The Hong Kong Trade Development Council (HKTDC) has forecast that Hong Kong's exports will grow by between 8% and 9% in 2026, a projection detailed in its annual Export Outlook report. This anticipated growth follows a better-than-expected export performance in 2025 and is set to be driven largely by robust demand for artificial intelligence-related electronics products. According to the findings of the recently released HKTDC 4Q25 Export Confidence Index, 53.2% of exporters identified rising demand for AI and new technology-related electronic consumer goods as the factor most likely to boost their 2026 business. This focus is crucial given that the electronics sector overall accounts for more than 70% of Hong Kong's total export value.
These positive figures are notable given the high year-on-year comparison base from 2025, a period when many exporters frontloaded orders to complete shipments before the imposition of anticipated US tariffs.

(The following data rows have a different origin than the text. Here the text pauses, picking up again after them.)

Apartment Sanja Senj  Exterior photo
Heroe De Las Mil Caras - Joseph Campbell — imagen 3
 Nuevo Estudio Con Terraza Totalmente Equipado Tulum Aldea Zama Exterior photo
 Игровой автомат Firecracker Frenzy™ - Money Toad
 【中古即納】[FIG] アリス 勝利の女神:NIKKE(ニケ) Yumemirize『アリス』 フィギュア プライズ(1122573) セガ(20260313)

Irina Fan, Director of HKTDC Research, noted that while 2025 was a year of heightened uncertainty, 2026 should bring greater clarity on global trade. She stated that with the Chinese Mainland and the US having reached a trade agreement in November, US tariffs are no longer among Hong Kong exporters' three biggest concerns for 2026. However, Fan acknowledged that uncertainties remain, as business leaders worldwide may reorganize activities to optimize cost advantages due to varying tariff levels on US imports from different countries.
Outlining implications for the Asia-Pacific region, Fan explained that Chinese Mainland exports to the US will be subject to a 20% reciprocal tariff rate until November 2026. This comparatively low additional tariff places China-based suppliers, many with mature and highly productive supply chains, on par with their Southeast Asian counterparts while giving them a significant advantage over countries subject to higher rates. The full details of the outlook are available in the Hong Kong 2026 Export Outlook report at https://research.hktdc.com/en/article/MjE4ODc2Mzk2Nw.
Hong Kong's anticipated 2026 export expansion is underpinned by the HKTDC Export Confidence Index 4Q25, also released today. Both the Current Performance Index (51.4) and the Expectation Index (51.9) have remained above the 50-point watershed level, indicating expected future export growth. Kenneth Lee, Head of the HKTDC Research's Special Project and Business Advisory Section, commented that for expansion plans over the next two years, Asia remains the primary focus. For 42.0% of respondents, the Chinese Mainland was the highest priority market, followed by the rest of Asia (30.3%) and the ASEAN bloc (18.9%). By industry, exporters in almost every sector viewed scaling up activities on the Chinese Mainland as their priority.
A more detailed analysis of the survey highlights positive prospects for both individual markets and most of Hong Kong's key industry sectors. According to the Market Expectation Sub-Index, the Chinese Mainland (57.2) and the ASEAN bloc (57.0) are still considered to have significant growth potential, while the US (down to 38.0) continues to unsettle Hong Kong exporters due to uncertainties in its trade environment. Among individual industries, several sectors have expansionary expectations for the year ahead, with Jewellery (54.8) topping the list, followed by Electronics (52.4), Timepieces (51.6), and Equipment/Materials (51.1). The complete index findings can be reviewed at https://research.hktdc.com/en/article/MjE4ODYyNTQwNw.
Despite overall positive sentiments, the survey also points to potential challenges ahead. Most notably, it cited rising labour and production costs (53.9%), growing logistics challenges (38.8%), and declining overseas orders due to the general economic slowdown (38.2%) as potential future concerns for Hong Kong exporters.